A Fargues, une vaste allée de pins parasols conduit au château de Fargues et au domicile d’Alexandre de Lur Saluces. Il reçoit des amis. Le champagne Dom Pérignon 1996 que j’avais, avec quelques grands sommeliers et experts, participé à couronner lors d’une confrontation de très grands champagnes (bulletin 121) a encore plus de charme. C’est un champagne de plaisir, goûteux, au léger fumé. Très agréable.
Nous passons à table et sur un délicieux homard, Fargues 1999 est un bel accompagnement car la sauce lui va bien. Rond, juteux, sans grande longueur du fait des légères épices de la sauce, il est tout à son aise. Alexandre demande à son maître d’hôtel fidèle si l’on a prévu un bouillon, sas indispensable pour passer du liquoreux d’entrée au rouge qui le suit, mais celui-ci tout ennuyé lui avoua qu’il ne l’avait pas prévu. Ce ne fut pas gênant. Je cite ce souvenir pour que l’on n’oublie pas combien le bouillon aide à démarrer un repas par un sauternes.
Je venais il y a seulement trois jours de goûter Talbot 1993. Là, c’est Talbot 1994 qui se présente. C’est un vin de belle qualité, mais qui me donne peu de sensations. Le Yquem 1990 nous élève à d’autres hauteurs. Son nez est magistral. D’une complexité et d’un envoûtement rares. C’est le nez qui me chavire le plus même si la bouche est belle. Lorsque je dis que je le trouve le plus léger de la trilogie (88-89-90), Alexandre me regarde curieusement. Voulait-il me taquiner ? Il faudra que je revisite ces trois mythes. Mais je suis persuadé que le 1988 est de loin le plus puissant, suivi du 1989 et ce 1990 est plus perceptible par son extrême élégance. Un roquefort un peu fort lui allait bien ainsi que de divines mangues au coulis un peu sucré.
Malgré l’imprégnation en bouche du Yquem 1990 qu’il faudrait garder longtemps, je ne peux résister à un cognac Paradis de Hennessy, agréable compagnon de belles discussions avec les amis du Comte, lors d’une des plus belles et longues soirées de juin.
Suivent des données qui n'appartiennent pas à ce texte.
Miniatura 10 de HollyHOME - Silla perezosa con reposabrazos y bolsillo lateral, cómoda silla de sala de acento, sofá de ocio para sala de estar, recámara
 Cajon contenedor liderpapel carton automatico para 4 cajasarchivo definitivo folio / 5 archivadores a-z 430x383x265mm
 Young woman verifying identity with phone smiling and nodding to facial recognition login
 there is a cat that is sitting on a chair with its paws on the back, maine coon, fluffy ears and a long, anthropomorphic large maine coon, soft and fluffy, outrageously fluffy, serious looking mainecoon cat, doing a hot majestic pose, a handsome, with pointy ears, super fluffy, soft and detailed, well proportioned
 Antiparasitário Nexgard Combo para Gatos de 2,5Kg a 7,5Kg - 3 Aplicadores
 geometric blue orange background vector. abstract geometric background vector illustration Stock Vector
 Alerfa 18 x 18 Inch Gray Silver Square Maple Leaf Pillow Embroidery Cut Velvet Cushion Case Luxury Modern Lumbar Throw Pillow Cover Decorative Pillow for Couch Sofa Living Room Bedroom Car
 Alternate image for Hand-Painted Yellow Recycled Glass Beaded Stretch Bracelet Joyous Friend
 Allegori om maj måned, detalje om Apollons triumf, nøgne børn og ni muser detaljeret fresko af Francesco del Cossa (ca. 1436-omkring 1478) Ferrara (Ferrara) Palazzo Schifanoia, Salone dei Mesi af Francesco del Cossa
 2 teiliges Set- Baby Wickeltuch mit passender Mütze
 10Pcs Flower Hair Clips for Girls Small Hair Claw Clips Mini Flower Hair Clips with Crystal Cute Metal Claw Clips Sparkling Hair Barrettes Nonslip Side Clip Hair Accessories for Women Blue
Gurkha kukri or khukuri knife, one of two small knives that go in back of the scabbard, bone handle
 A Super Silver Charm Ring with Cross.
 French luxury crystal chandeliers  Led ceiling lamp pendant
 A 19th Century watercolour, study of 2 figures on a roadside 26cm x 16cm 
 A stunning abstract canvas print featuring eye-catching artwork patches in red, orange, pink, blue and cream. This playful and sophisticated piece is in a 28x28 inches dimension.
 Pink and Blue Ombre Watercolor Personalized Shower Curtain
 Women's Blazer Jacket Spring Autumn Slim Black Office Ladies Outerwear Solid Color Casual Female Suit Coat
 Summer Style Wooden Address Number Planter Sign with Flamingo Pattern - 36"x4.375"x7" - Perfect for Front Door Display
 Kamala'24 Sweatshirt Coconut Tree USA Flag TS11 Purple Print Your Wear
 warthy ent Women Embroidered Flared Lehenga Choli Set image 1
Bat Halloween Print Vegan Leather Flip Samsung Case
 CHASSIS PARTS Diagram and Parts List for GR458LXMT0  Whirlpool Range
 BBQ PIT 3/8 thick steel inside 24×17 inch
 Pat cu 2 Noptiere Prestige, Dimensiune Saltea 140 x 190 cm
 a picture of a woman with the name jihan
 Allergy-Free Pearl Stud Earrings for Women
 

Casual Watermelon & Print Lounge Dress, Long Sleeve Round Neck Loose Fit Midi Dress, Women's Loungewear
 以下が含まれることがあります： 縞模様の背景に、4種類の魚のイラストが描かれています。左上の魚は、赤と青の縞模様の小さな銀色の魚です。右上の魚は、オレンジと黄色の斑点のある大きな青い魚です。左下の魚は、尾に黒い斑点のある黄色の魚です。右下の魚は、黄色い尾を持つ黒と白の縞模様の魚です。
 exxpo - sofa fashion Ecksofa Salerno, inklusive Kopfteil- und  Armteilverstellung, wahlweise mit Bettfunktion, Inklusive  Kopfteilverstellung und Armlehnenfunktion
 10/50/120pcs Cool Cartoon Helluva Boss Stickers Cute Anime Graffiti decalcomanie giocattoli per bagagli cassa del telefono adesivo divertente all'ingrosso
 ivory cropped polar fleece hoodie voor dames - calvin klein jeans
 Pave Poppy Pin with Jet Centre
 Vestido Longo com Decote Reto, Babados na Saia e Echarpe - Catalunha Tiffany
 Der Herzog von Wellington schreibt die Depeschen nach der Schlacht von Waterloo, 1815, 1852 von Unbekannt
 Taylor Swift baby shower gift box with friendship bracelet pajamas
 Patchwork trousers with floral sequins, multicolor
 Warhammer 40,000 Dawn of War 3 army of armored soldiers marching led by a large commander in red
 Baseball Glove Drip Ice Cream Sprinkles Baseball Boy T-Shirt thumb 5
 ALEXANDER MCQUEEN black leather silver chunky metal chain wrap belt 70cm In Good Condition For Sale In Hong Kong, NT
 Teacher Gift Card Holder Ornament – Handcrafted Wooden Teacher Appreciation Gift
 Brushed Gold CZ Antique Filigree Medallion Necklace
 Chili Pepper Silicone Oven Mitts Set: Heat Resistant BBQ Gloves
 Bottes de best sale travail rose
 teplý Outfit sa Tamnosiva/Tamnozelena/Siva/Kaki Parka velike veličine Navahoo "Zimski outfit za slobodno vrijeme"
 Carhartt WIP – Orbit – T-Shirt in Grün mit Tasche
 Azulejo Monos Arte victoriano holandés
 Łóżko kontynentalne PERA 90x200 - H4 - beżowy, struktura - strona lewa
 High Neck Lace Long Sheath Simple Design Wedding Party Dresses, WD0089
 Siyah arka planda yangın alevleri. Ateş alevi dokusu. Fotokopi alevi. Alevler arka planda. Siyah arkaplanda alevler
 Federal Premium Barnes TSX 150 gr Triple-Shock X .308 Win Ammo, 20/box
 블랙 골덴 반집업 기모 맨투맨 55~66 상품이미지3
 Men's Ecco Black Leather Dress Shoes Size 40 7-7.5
je suis membre d’un jury de soutenance de thèse mercredi, 15 juin 2005

L’institut supérieur de marketing du luxe me demande d’être examinateur d’une thèse sur les appellations AOC face à la concurrence des vins du monde. C’est amusant puisque le paragraphe ci-dessus de ce bulletin a été écrit avant que l’on ne m’appelle. Comment vais-je réagir devant une étudiante ? Et quelles sont mes idées ? Je retrouve un joyeux jury composé d’amis, Alain Senderens avec qui nous discutons naturellement de ses étoiles, Jean Castarède, grand producteur d’armagnac, Nicolas de Rabaudy, écrivain, deux enseignants et moi. Nous avons tant à nous dire que la jeune étudiante dégourdie a du mal à placer un mot. Notre consensus est évident sur la nécessité de s’appuyer sur notre force fondamentale, le terroir et la qualité, et de développer un marketing actif. La thésarde sera reçue. Nous aurons discuté entre amis de joyeuse façon.

déjeuner d’amis au Polo de Bagatelle mercredi, 15 juin 2005

Déjeuner au Polo de Bagatelle un jour de pluie. Mes amis se félicitent d’un Château Talbot 1993 alors que je le trouve bien amer. On me le reproche presque, mais la deuxième bouteille me donne raison. Voilà un vin rond, joyeux quand la première était austère. Une troisième vient se positionner entre les deux premières. Un agréable champagne Taittinger bien frais conclut un déjeuner d’amis où l’on a toujours un événement ou un prétexte à fêter.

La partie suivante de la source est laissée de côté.